Jump to the interview angleA load balancer sits in front of a server pool and forwards each incoming connection or request to one of the available backends. It tracks server health, removes unhealthy nodes, and re-adds them when they recover. Without it, a single server is both a performance ceiling and a single point of failure.
L4 vs L7 load balancing
| Aspect | L4 (transport layer) | L7 (application layer) | |
|---|---|---|---|
| Routing basis | IP address + TCP/UDP port only | HTTP headers, URL path, cookies, host | |
| Content inspection | None — opaque byte stream | Full HTTP body and headers visible | |
| TLS termination | Pass-through (TLS reaches backend) | Terminates TLS; backends see plain HTTP | |
| Sticky sessions | IP-hash only | Cookie-based or header-based affinity | |
| Performance cost | Very low — no parsing | Higher — parses each request | |
| Typical tools | AWS NLB, HAProxy TCP mode | AWS ALB, nginx, Caddy, Envoy |
Routing algorithms
- **Round-robin** — each request goes to the next server in a fixed cycle; simple, works when servers are equally capable.
- **Weighted round-robin** — servers get a share of traffic proportional to their weight; use when instance sizes differ.
- **Least-connections** — routes to the server with fewest open connections; beats round-robin for long-lived requests like uploads.
- **IP hash** — hashes client IP to pin the same backend; breaks when the server pool changes.
- **Power of two choices (P2C)** — picks two servers at random, routes to the less loaded; near-optimal with low overhead.
WebSockets and stateful apps need sticky sessions
A WebSocket connection is long-lived on one server node. If a reconnect lands on a different node, the server has no record of the client — the connection starts from scratch or fails. Use cookie-based affinity on an L7 balancer.
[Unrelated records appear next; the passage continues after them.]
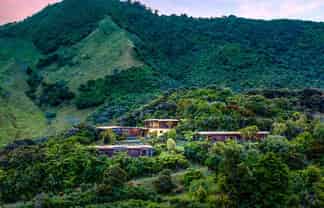 1017 Collingwood-Puponga Main Road, 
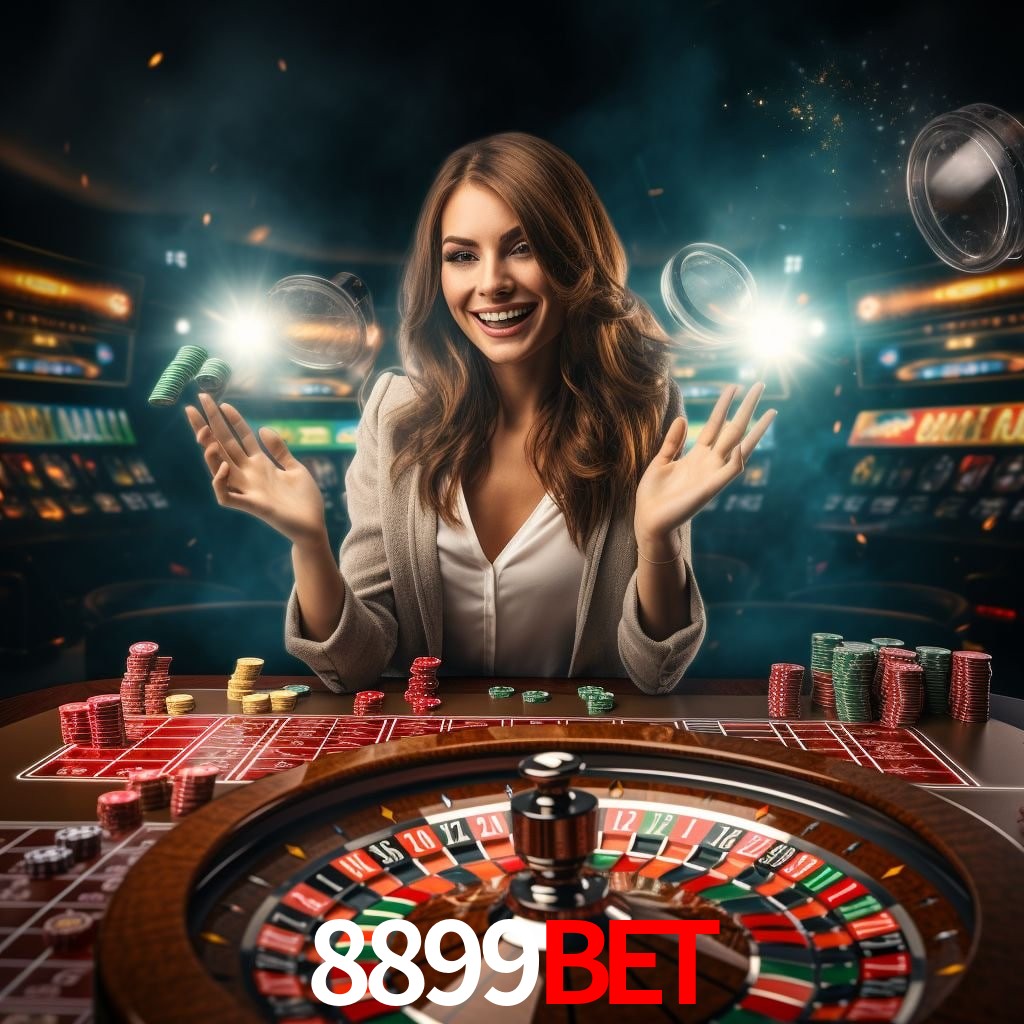8899Bet: Jogue Crash e Experimente Alta Recompensa Instantânea
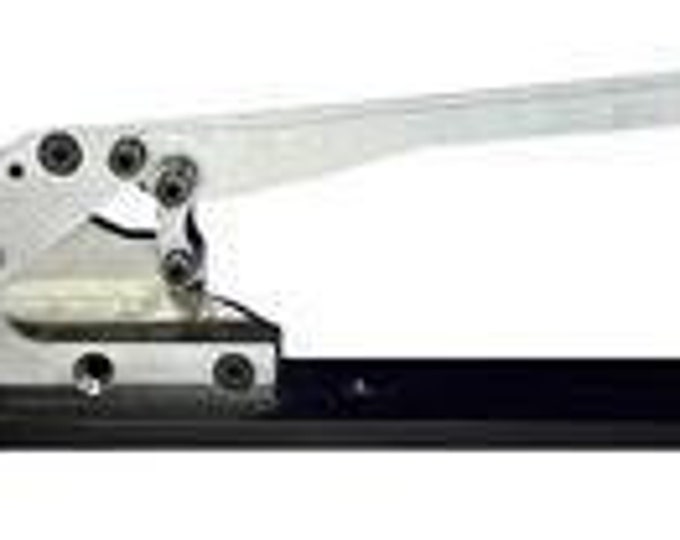 Flower Bush Easy Cutter MT1013 Etsy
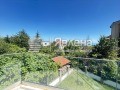 Продава 4-СТАЕН, гр. Варна, м-т Евксиноград, снимка 1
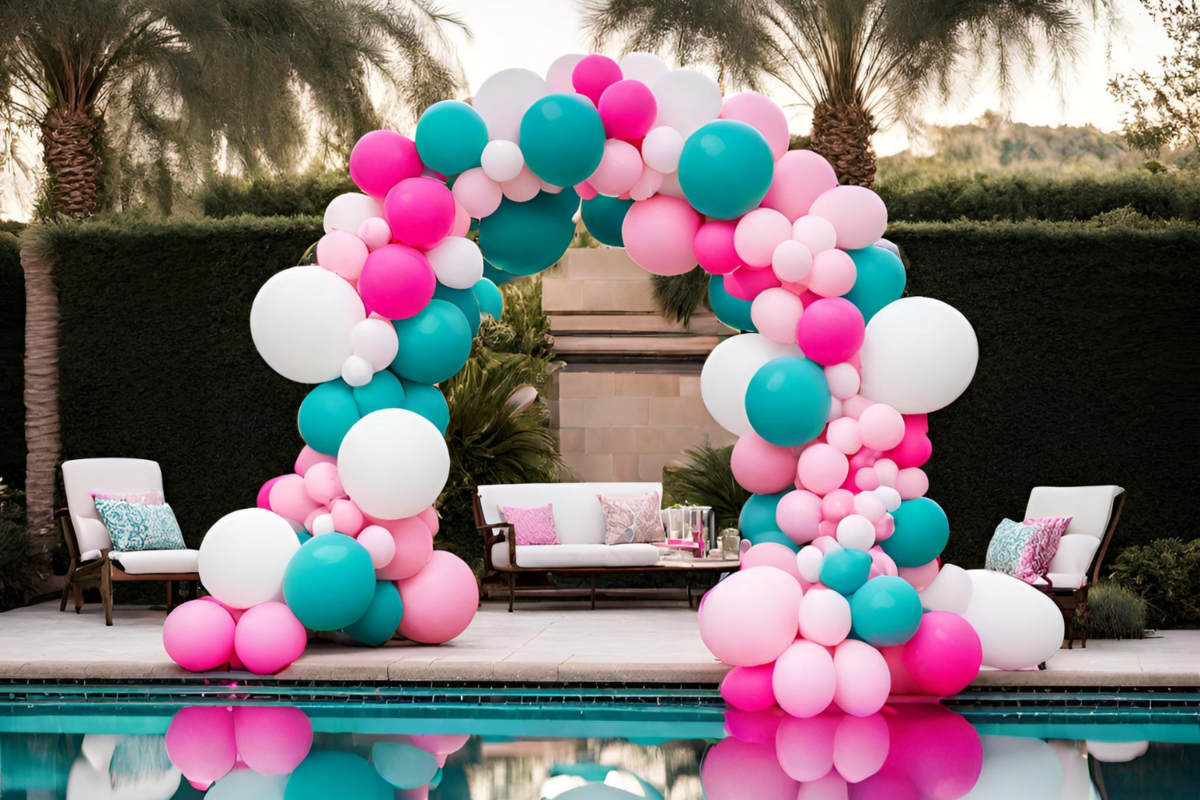 ballon-arch-website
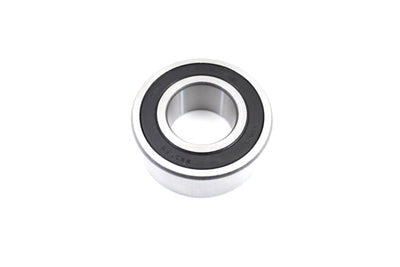 Peer Bearing Sealed Clutch Drum Bearing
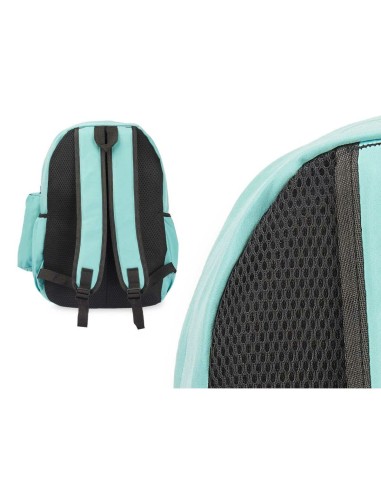 pincello_mochila_escolar_verde_37_x_50_x_7_cm_4899888645924_barato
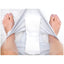 Absorvente Térmicos Para Pós Parto Vaginal Frida Mom - 8 Unidades - Frida Mom Babytunes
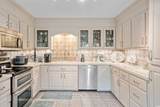 7465 Springside Dr. - Photo 17
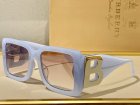 Burberry High Quality Sunglasses 180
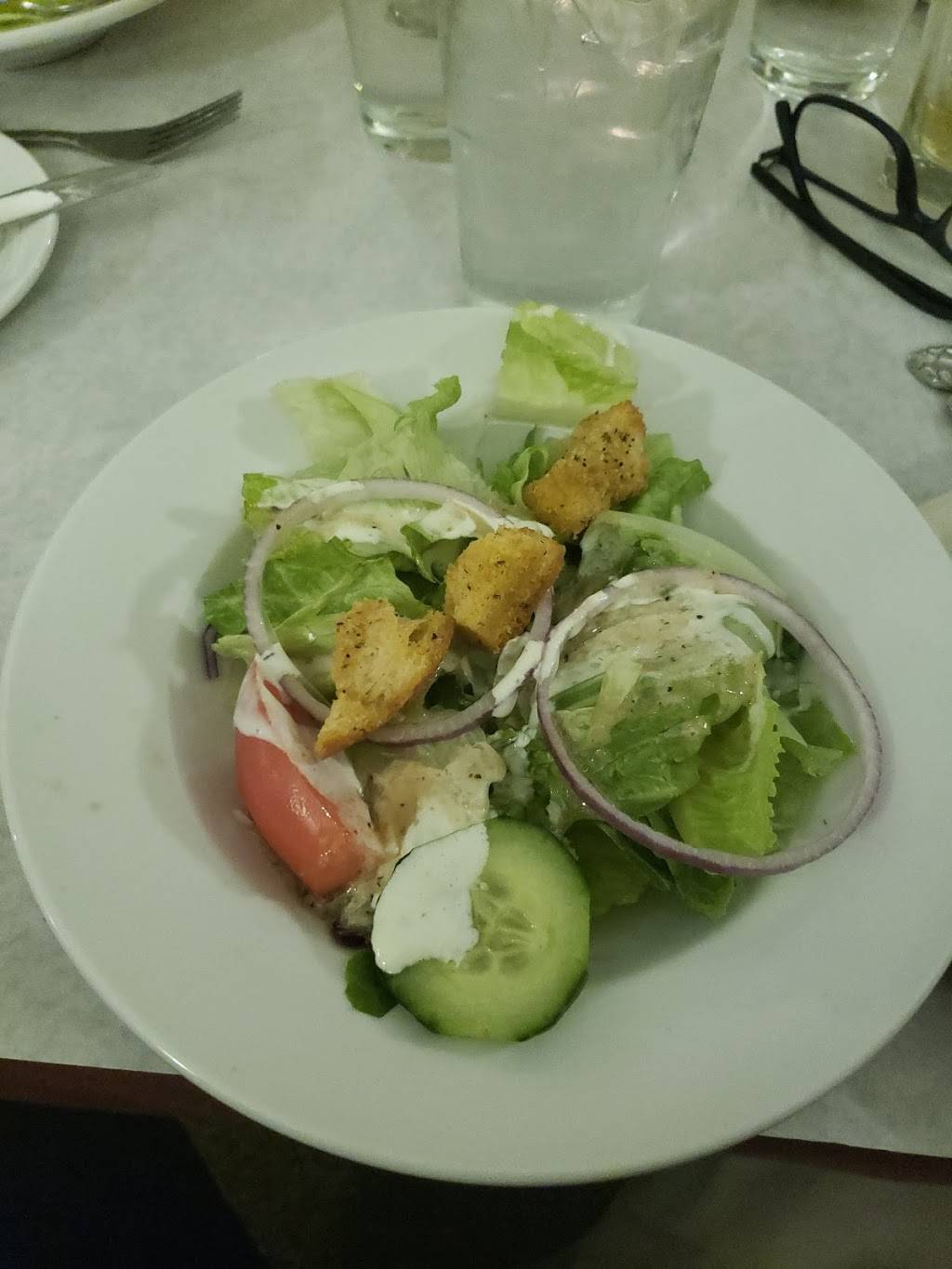 Casa De Pasta | restaurant | 125 Bemis St, Canandaigua, NY 14424, USA | 5853943710 OR +1 585-394-3710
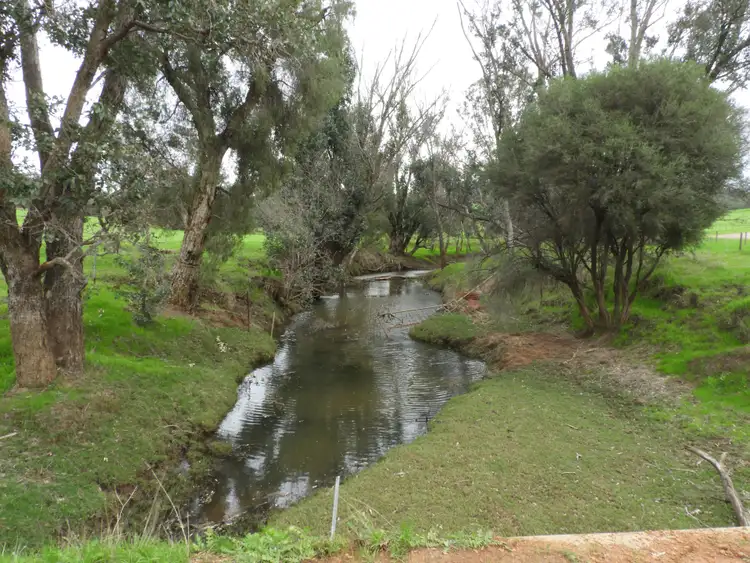 Seventh view of Homely rural property listing, Lots 1280, 779,595,584,559,775, Lower Chittering Road, Chittering WA 6084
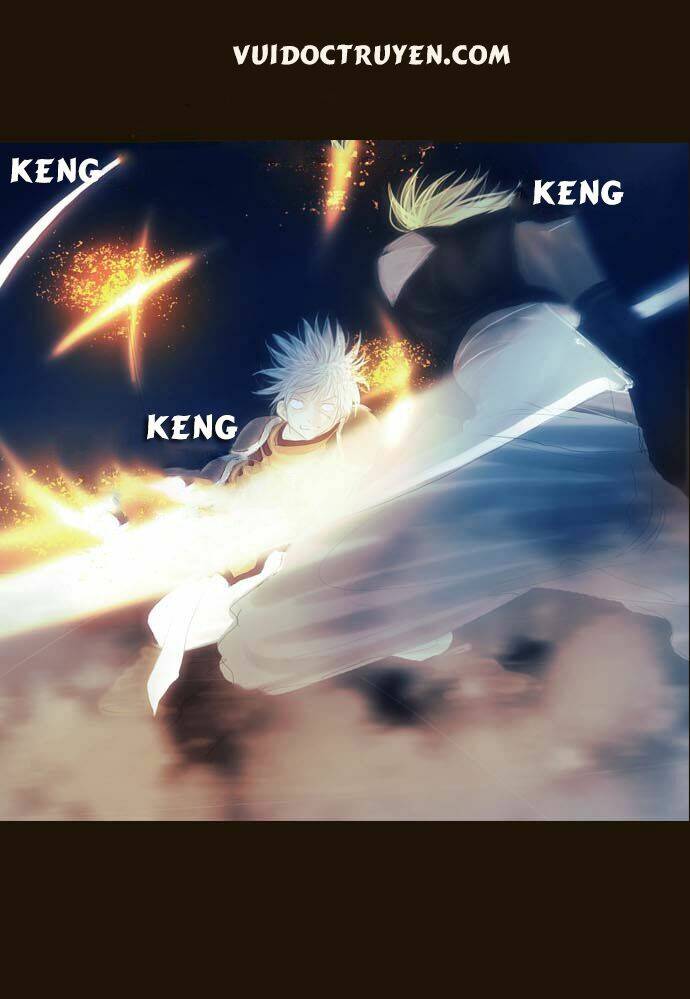 Chương 85 - Trang 19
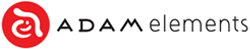 Adam Elements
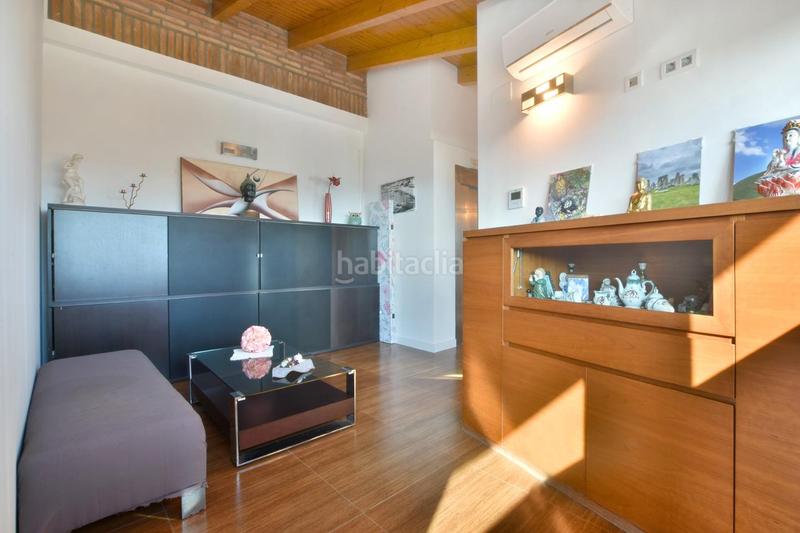 Foto 3f6907ae-9664-4a82-8585-5bbb39153040. Chalet casa en venta junto a la playa en Urbanitzacions Arenys de Mar Foto 3f6907ae-9664-4a82-8585-5bbb39153040. Chalet casa en venta junto a la playa en Urbanitzacions Arenys de Mar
The same applies to server-sent SSE streams and in-memory session stores.
Interview angle
Interviewers check whether you can pick L4 vs L7 by the routing signal you need, and whether you know why WebSockets break without sticky sessions. Name a concrete algorithm trade-off.
Soundbite: "L7 for path-based routing and cookie affinity; L4 when you need raw TCP throughput with no parsing cost."
Key terms
- L4 load balancer
- Routes by IP/port without inspecting HTTP content; low overhead, no TLS termination.
- L7 load balancer
- Inspects HTTP headers, paths, and cookies to route requests; terminates TLS.
- Sticky session
- Affinity rule that pins a client to the same backend node across requests.
- Health check
- Periodic probe (HTTP GET or TCP connect) that removes unhealthy backends from the pool.
- Least-connections
- Algorithm routing each new request to the backend with the fewest open connections.